OpenID Connect with Microsoft Entra ID¶
This chapter explains how Microsoft Entra ID implements OpenID Connect and how we use it in Django.
OpenID Connect Overview¶
OpenID Connect is an identity layer built on top of OAuth 2.0. It enables applications to verify user identities and obtain basic profile information in a standardized way.
OpenID Connect 1.0 is a simple identity layer on top of the OAuth 2.0 [RFC6749] protocol. It enables Clients to verify the identity of the End-User based on the authentication performed by an Authorization Server, as well as to obtain basic profile information about the End-User in an interoperable and REST-like manner.
The access token returned by OpenID Connect is a signed JWT token (JSON Web Token) containing claims about the user.

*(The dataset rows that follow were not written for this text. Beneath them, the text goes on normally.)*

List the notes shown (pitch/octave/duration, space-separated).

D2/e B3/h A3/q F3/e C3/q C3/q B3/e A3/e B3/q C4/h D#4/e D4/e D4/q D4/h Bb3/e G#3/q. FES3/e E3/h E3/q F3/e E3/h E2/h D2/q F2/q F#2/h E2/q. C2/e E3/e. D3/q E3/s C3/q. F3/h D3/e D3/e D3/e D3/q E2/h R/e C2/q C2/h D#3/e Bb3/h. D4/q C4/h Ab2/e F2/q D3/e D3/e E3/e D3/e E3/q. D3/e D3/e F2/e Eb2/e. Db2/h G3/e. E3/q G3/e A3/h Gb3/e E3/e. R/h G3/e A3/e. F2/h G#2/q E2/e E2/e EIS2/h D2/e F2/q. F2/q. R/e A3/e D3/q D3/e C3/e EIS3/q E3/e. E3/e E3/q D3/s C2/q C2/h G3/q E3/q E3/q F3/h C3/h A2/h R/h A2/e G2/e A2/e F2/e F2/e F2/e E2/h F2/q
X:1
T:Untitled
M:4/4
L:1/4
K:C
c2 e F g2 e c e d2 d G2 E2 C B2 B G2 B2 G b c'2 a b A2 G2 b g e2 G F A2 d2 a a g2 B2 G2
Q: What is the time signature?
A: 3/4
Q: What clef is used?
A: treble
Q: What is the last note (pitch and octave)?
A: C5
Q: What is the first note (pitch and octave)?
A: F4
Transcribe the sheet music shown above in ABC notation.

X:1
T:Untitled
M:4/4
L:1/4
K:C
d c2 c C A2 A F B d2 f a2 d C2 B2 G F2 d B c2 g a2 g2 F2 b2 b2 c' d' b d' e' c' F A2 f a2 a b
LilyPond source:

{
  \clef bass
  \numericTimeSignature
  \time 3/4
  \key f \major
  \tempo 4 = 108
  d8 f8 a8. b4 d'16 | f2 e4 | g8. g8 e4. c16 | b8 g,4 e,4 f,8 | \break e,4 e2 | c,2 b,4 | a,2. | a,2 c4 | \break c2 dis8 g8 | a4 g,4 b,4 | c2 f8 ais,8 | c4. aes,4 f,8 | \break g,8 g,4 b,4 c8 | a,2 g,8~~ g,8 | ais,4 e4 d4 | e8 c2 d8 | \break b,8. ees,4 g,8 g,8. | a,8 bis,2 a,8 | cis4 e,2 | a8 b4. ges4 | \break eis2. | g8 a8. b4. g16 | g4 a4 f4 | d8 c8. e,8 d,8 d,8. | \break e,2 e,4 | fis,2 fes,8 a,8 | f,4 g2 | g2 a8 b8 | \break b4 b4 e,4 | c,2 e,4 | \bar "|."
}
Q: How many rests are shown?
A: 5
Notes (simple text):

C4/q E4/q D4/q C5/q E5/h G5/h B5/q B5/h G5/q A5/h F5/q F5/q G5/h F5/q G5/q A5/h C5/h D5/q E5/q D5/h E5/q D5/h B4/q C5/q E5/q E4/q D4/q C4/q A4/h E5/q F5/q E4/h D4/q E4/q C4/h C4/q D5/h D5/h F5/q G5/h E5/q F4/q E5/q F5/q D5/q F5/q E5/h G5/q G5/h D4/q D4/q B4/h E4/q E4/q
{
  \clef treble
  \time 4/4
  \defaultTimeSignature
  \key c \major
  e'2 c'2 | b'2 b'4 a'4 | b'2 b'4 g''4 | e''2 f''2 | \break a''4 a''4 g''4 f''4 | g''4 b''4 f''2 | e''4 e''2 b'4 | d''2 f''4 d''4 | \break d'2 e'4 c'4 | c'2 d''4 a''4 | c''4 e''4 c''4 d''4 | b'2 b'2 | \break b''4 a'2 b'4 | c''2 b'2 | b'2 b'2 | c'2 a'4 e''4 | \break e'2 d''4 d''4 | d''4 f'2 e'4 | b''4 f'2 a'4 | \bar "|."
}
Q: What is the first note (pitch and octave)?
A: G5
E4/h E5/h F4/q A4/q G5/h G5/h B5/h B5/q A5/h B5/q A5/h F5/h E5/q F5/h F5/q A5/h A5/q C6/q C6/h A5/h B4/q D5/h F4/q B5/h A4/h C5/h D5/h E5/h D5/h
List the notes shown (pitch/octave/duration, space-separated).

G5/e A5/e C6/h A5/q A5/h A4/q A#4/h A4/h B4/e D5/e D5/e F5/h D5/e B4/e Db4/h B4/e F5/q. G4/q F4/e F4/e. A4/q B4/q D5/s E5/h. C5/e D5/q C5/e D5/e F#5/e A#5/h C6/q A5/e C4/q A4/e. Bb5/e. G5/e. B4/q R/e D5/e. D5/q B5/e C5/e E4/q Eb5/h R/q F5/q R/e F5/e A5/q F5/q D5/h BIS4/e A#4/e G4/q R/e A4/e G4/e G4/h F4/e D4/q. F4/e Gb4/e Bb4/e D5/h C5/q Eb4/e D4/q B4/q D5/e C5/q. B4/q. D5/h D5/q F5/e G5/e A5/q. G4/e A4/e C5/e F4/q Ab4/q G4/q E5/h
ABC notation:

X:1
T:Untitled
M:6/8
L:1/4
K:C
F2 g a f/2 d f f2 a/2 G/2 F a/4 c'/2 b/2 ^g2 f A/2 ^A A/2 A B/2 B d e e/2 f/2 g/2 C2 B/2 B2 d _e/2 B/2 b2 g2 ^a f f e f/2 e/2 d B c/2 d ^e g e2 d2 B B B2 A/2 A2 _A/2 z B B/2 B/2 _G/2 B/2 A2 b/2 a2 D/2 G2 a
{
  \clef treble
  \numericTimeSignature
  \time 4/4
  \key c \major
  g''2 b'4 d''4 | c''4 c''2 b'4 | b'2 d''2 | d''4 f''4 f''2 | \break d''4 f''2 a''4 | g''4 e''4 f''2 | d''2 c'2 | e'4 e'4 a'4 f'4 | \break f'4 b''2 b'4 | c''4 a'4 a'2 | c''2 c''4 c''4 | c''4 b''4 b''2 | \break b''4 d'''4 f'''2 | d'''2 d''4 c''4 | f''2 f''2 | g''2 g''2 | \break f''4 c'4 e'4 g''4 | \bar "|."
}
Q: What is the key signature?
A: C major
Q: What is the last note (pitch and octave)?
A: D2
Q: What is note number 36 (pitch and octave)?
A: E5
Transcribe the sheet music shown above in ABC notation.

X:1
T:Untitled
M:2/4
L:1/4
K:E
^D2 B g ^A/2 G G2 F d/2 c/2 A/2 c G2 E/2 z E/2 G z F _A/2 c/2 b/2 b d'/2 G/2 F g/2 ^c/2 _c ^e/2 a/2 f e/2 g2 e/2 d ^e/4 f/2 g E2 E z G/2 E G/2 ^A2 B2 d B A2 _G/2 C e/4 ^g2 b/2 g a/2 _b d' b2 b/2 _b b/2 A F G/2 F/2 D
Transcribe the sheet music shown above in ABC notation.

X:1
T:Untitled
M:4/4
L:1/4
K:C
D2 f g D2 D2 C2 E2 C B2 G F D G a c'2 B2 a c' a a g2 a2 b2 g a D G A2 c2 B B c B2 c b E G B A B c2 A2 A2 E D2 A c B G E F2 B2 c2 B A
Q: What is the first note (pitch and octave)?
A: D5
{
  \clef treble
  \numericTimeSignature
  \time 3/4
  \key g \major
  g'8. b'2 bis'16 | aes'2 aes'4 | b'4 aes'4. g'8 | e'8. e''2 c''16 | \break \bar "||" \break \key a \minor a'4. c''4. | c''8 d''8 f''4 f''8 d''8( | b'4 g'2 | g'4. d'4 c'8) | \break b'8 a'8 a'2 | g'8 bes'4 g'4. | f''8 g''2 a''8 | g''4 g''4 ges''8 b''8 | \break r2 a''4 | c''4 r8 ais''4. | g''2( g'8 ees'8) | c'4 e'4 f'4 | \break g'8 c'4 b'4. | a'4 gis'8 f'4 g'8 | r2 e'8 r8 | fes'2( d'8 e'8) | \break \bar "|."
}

django-entra-auth uses this access token to:
- Validate the token issuer by verifying the signature
- Keep the Django users database up to date
- Authenticate users based on the claims in the token
Microsoft Entra ID and OpenID Connect¶
Microsoft Entra ID fully supports the OpenID Connect protocol, providing a robust identity and access management solution.
django-entra-auth uses the Authorization Code Flow, which is the most secure flow for server-side applications.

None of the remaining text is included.